Genome annotation using Prokka
Keywords: annotation, Prokka, JBrowse, Galaxy, Microbial Genomics Virtual Lab
Background
In this section we will use a software tool called Prokka to annotate the draft genome sequence produced in the previous tutorial. Prokka is a “wrapper”; it collects together several pieces of software (from various authors), and so avoids “re-inventing the wheel”.

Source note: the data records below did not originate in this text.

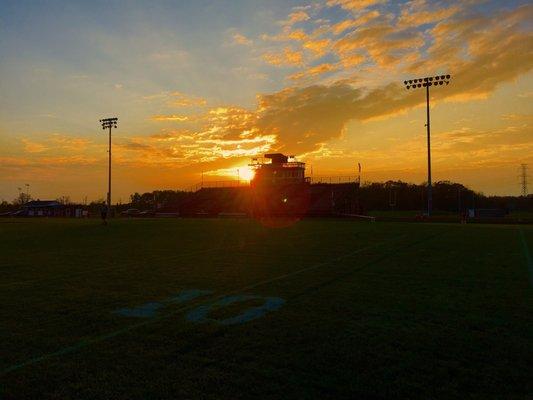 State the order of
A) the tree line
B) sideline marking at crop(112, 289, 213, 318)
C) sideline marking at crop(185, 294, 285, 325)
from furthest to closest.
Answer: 1. the tree line
2. sideline marking at crop(112, 289, 213, 318)
3. sideline marking at crop(185, 294, 285, 325)

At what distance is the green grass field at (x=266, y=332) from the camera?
13.1 ft

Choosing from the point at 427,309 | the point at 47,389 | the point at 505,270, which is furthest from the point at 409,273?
the point at 47,389

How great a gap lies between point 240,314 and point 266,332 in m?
1.03

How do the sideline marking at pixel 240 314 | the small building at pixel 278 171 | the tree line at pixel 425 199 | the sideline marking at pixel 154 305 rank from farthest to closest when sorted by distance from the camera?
the tree line at pixel 425 199
the small building at pixel 278 171
the sideline marking at pixel 154 305
the sideline marking at pixel 240 314

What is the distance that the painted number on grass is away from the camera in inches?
247

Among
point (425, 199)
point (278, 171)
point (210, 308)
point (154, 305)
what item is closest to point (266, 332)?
point (210, 308)

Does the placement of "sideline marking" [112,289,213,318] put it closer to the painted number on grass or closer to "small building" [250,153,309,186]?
the painted number on grass

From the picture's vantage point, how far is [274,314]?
6.52 m

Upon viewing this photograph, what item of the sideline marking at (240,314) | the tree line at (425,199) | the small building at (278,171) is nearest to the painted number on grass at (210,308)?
the sideline marking at (240,314)

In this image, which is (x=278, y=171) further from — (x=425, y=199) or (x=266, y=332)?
(x=266, y=332)

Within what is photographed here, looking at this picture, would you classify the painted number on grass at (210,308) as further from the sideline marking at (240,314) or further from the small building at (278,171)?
the small building at (278,171)

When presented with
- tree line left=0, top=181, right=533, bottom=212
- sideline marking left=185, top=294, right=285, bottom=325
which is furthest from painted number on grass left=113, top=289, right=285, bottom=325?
tree line left=0, top=181, right=533, bottom=212

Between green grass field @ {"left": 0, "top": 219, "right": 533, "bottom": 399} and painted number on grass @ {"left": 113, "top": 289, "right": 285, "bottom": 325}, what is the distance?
0.10 feet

Prokka finds and annotates features (both protein coding regions and RNA genes, i.e. tRNA, rRNA) present on on a sequence. Note, Prokka uses a two-step process for the annotation of protein coding regions: first, protein coding regions on the genome are identified using Prodigal; second, the function of the encoded protein is predicted by similarity to proteins in one of many protein or protein domain databases. Prokka is a software tool that can be used to annotate bacterial, archaeal and viral genomes quickly, generating standard output files in GenBank, EMBL and gff formats. More information about Prokka can be found here.
Learning objectives
At the end of this tutorial you should be able to:
- load a genome assembly into Prokka
- annotate the assembly using Prokka
- examine the annotated genome using JBrowse
Input data
Prokka requires assembled contigs.
-
If you are continuing on from the previous workshop (Assembly with Spades), this file will be in your current history named something like
SPAdes contigs(fasta) . -
Or, if you have uploaded the history of workshop files, there is also a copy in your history called
SPAdes_contigs.fasta . Either copy is fine to use. -
Alternatively, get the file called “assembled contigs” from the Training dataset page.
Run Prokka
- In Galaxy, go to
Tools → NGS Analysis → NGS: Annotation → Prokka - Set the following parameters (leave everything else unchanged):
Contigs to annotate :SPAdes contigs (fasta) Locus tag prefix (–locustag) : PForce GenBank/ENA/DDJB compliance (–compliant) : NoSequencing Centre ID (–centre) : VGenus Name : StaphylococcusSpecies Name : aureusUse genus-specific BLAST database No
Your tool interface should look like this:
- Click
Execute
Examine the output
Once Prokka has finished, examine each of its output files.
- The
GFF andGBK files contain all of the information about the features annotated (in different formats.) - The
.txt file contains a summary of the number of features annotated. - The
.faa file contains the protein sequences of the genes annotated. - The
.ffn file contains the nucleotide sequences of the genes annotated.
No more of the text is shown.